What This Workflow Does

  • Uses WD14 to extract high-quality tag metadata

  • Uses Florence to generate a natural-language image description

  • Injects a custom trigger token at the start of every caption

  • Outputs both tags + descriptive text in a single caption block

  • Saves captions to a user-defined folder inside ComfyUI/output

This keeps captions:

  • Consistent

  • Human-readable

  • Training-friendly


📁 Important Setup Note (VERY IMPORTANT)

You must create a folder inside:

ComfyUI/input/

Example:

ComfyUI/input/Captions

Then select that folder in the caption loader node.
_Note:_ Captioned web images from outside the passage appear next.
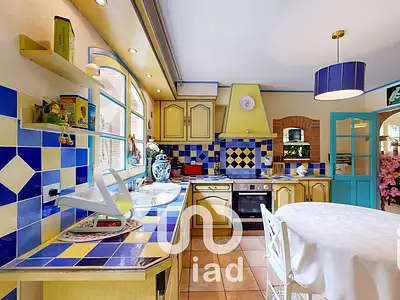 Maison, 163 m²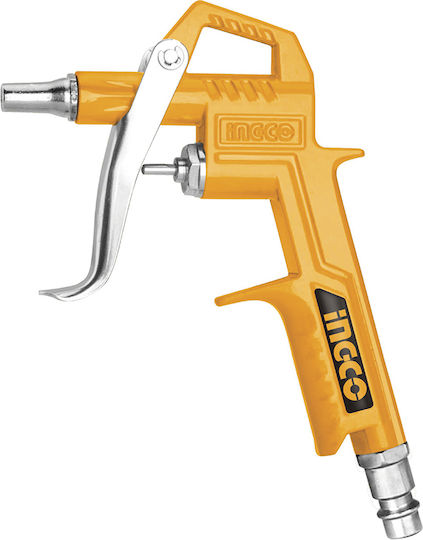 Ingco AKT0051 Air Tool Kit 5 Pieces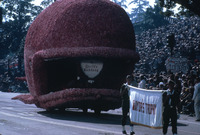 Cal Poly Rose Parade Float, 1967 thumbnail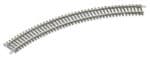 Peco ST221 Setrack 1st Radius Double Curve 371mm radius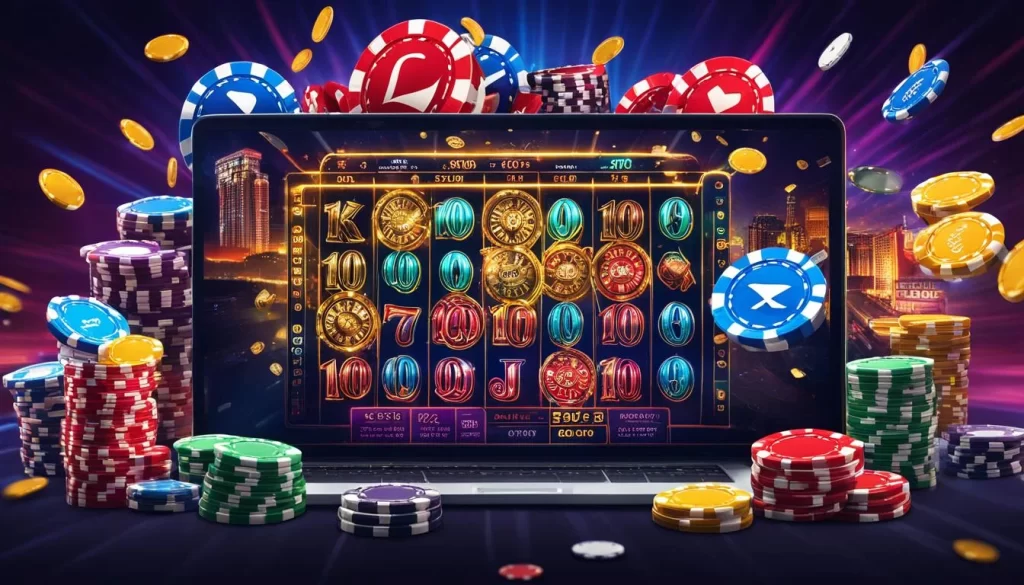 Sòng bài trực tuyến Baccarat tại abc888 win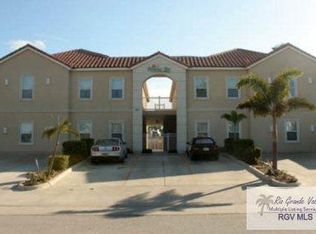 201 W Oleander St, South Padre Island, TX 78597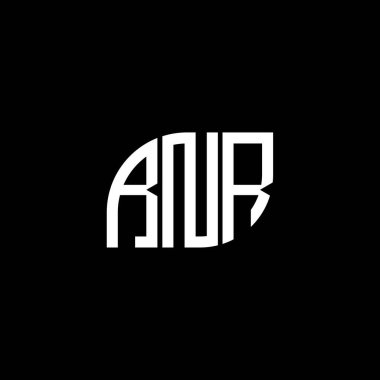 Siyah arka planda RNR harf logosu tasarımı. R.NR yaratıcı harflerin baş harfleri logo kavramı. RNR harf dizaynı. RNR harfi logo tasarımı. Siyah arkaplanda. R.NR yaratıcı harflerin baş harfleri logo kavramı. RNR harf tasarımı. RNR harfi logo tasarımı.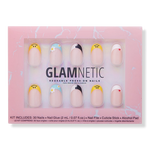Glamnetic A Good Day Press-On Nails 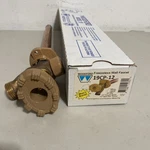 Woodford Mfg. 19CP-12 Freeze Less Wall Faucet. Fixed Price $69.99.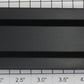 Lionel 12915-115 Black Plastic Right Hand End Runner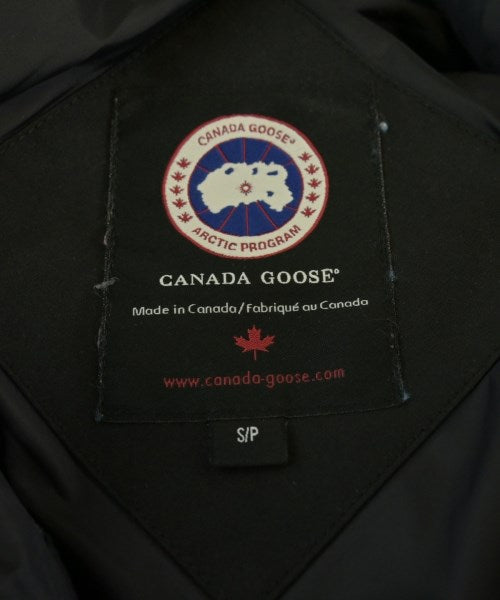 CANADA GOOSE Down coats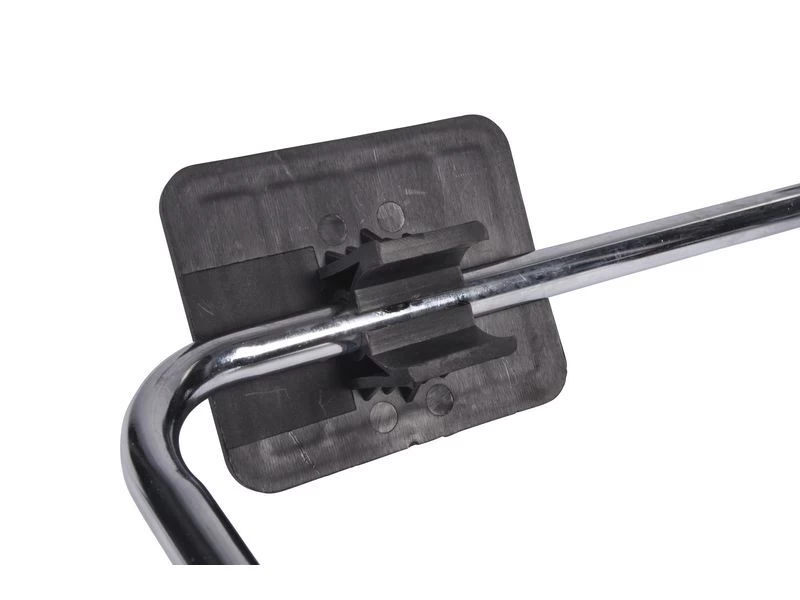 Bo Camp Bagagetrolley Compact Alu 25 Kg 5 Bo Camp Bagagetrolley Compact Alu 25 Kg - Afbeelding 5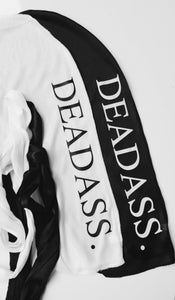 "DEADASS" DURAG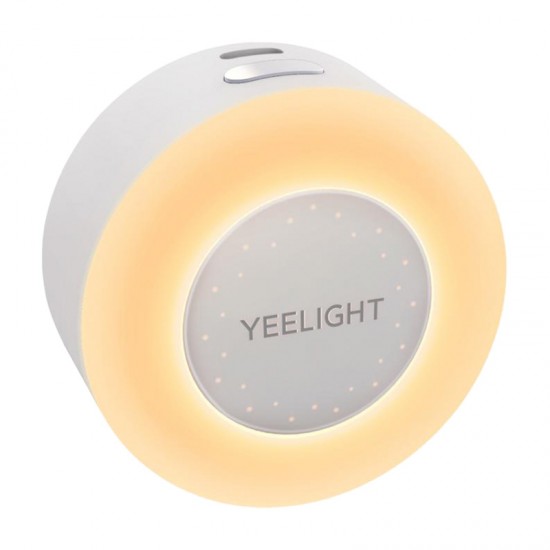 Yeelight Jelly 4 Plus φως νύχτας με αισθητήρα λυκόφωτος (υποδοχή USB C)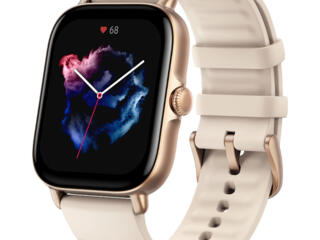 Продам Amazfit GTS3 на запчасти - 199 леев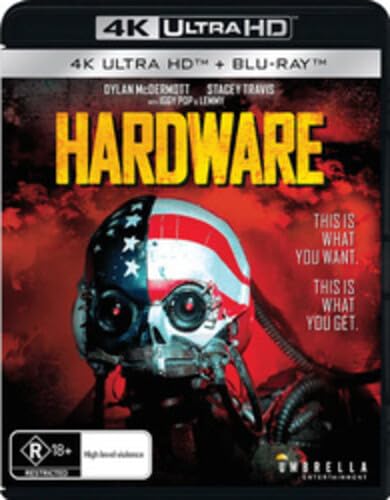 HARDWARE (1990)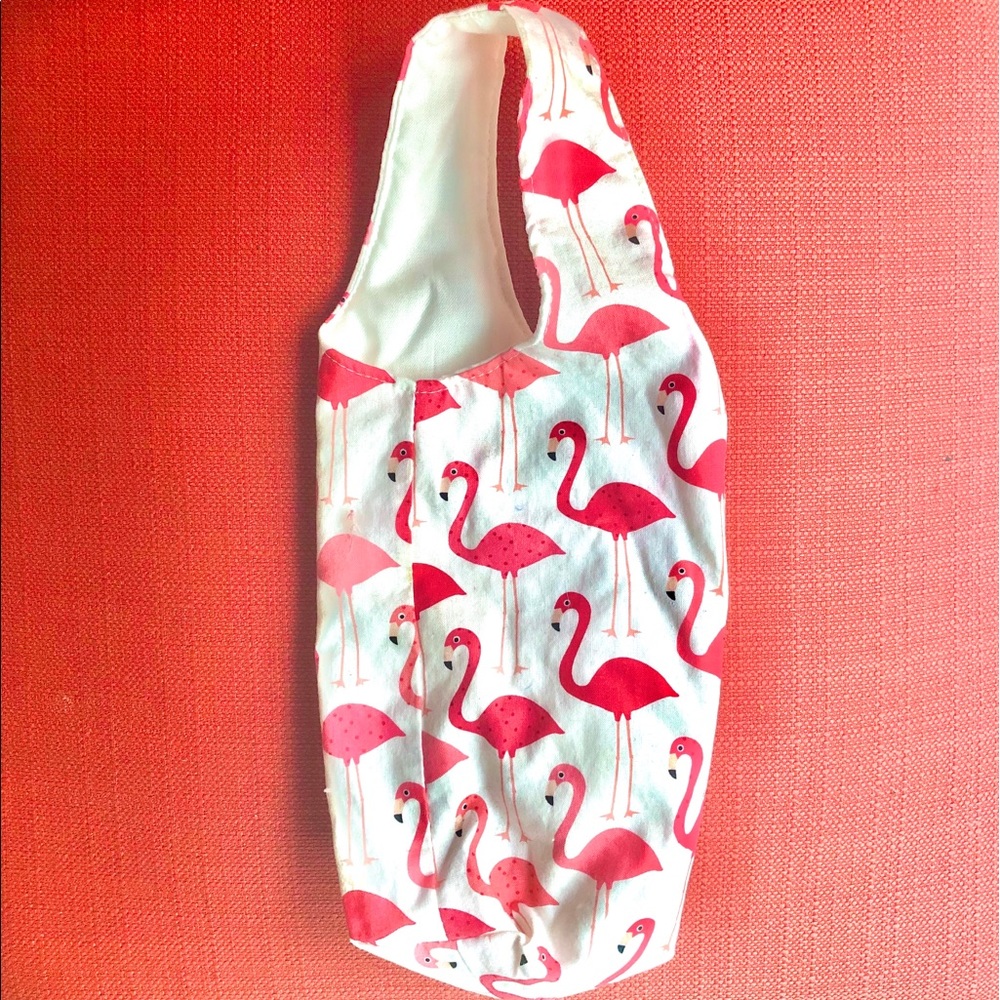 Handmade Wine Bag Cloth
If the folder does not exist, the workflow will not write captions correctly as it doesn't know which directory to load from.


About the Example Images

Each example image shows:

  • The original image

  • A caption panel

Nothing is manually edited or rewritten — this is raw workflow output for transparency and accuracy.


Example Output Structure

Captions follow this format:

TRIGGER, wd14_tags_here,
florence_generated_description_here

This structure is ideal for:

  • LoRA trigger anchoring

  • Dataset reuse

  • Easy downstream parsing


  • LoRA training datasets

  • SDXL / Flux / Wan caption generation

  • Dataset cleanup & validation

  • Prompt reverse-engineering

  • Caption benchmarking


Requirements

  • ComfyUI (recent build)

    • Must include comfy-core ≥ 0.3.75

    • Required for BETA Dataset nodes:

      • LoadImageDataSetFromFolder

      • SaveImageTextDataSetToFolder

      • StringConcatenate

Custom Node Packs

  • comfyui-florence2 (v1.0.6)

  • comfyui-wd14-tagger (v1.0.0)

  • comfyui-custom-scripts (pysssss) (v1.2.5)

  • ComfyUI-Jjk-Nodes

Models

  • Florence-2-SD3-Captioner

    • Repo: gokaygokay/Florence-2-SD3-Captioner

  • WD14 Tagger Model

    • wd-convnext-tagger-v3

  • Folder Setup

    • Create a folder in ComfyUI/input/

    • Example used in workflow: ComfyUI/input/Captions